I guess I have trouble seeing the math in your conclusion, because it’s not like that, say, 5%, of sprayed winter red is mixed into the total wheat supply in a controlled distribution. I’m saying that the affected wheat would be concentrated in certain products, not necessarily broadly distributed, so you could not generalize about the effects on the broad population.

That’s not to say it’s not being used on lentils and so on! For all I know it is. But I’m going to suggest that if we want to know how much of anything is in our food we need to look at the food more than the way it was produced. ( And I still don’t know anything about other dessicants, such as Reglone. For all I know it’s “just as worse” as glyphosate.)

Say you refused to eat food that had been grown with feces before harvest … think where that line of logic could lead a person.

Roundup makes me nervous. (Heck, everything but ladybugs makes me nervous, and they bite.) But what I’m seeing reported about glyphosate doesn’t really inform one way or the other- what it really tells me is that a lot of people are nervous about it.

So until I see real science on the subject I’m reserving judgement -with reservations. :slight_smile:

A question specifically for those of you that say chemical residues on produce aren’t a concern: is there anything that would concern you so long as regulatory agencies said it was safe, go ahead?

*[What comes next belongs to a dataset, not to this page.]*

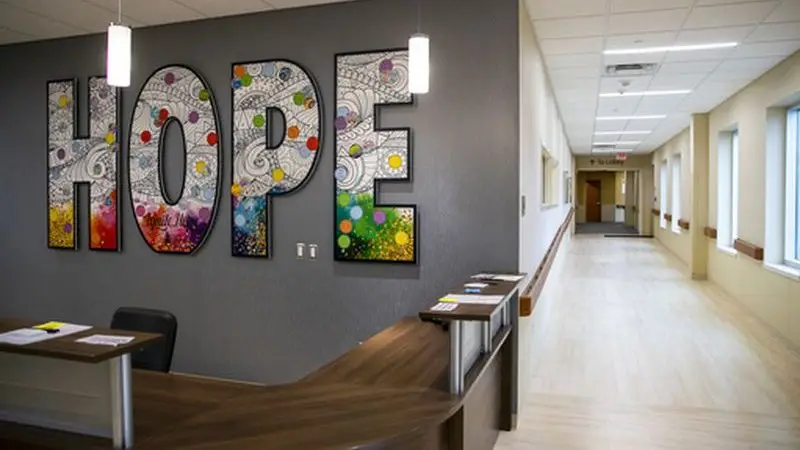 Mostrador de recepción en un vestíbulo limpio y moderno, con grandes cuadros de colores que dicen "ESPERANZA" en una pared gris.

In other words, is your confidence in government and regulatory agencies, or is your confidence based in something else (scientific generalizations/understandings, item by item laboratory tests… something else…) that wouldn’t necessarily correspond with regulations?

Dern good question- maybe for today I’ll let my hesitation be an answer. I’ll just observe in passing that the gummit, in my opinion, is largely staffed by well-meaning people of reasonable capability who are charged with applying an evolving science in a way that follows a protocol laid down by well-meaning people who are tasked with getting along with an industry that is motivated by less than pure motives, and who would rather not upset that industry because they can usually make more money if they get a job within that industry …

… not sure I want to pretend that all adds up, but there you have it.